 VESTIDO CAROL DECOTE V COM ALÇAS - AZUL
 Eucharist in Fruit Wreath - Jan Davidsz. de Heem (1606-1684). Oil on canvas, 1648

--

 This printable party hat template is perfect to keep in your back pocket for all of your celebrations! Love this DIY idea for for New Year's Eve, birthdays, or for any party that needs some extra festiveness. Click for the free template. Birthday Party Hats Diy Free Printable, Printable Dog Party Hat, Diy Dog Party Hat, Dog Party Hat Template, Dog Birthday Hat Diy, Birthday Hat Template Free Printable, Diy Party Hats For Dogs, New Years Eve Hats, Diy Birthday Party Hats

* [Problem description] Going back over the entries above, copy word for word every line from the one that has "VESTIDO CAROL DECOTE V COM ALÇAS - AZUL" on through the one that has "Eucharist in Fruit".

* [Answer to the problem]
 VESTIDO CAROL DECOTE V COM ALÇAS - AZUL
 Eucharist in Fruit Wreath - Jan Davidsz. de Heem (1606-1684). Oil on canvas, 1648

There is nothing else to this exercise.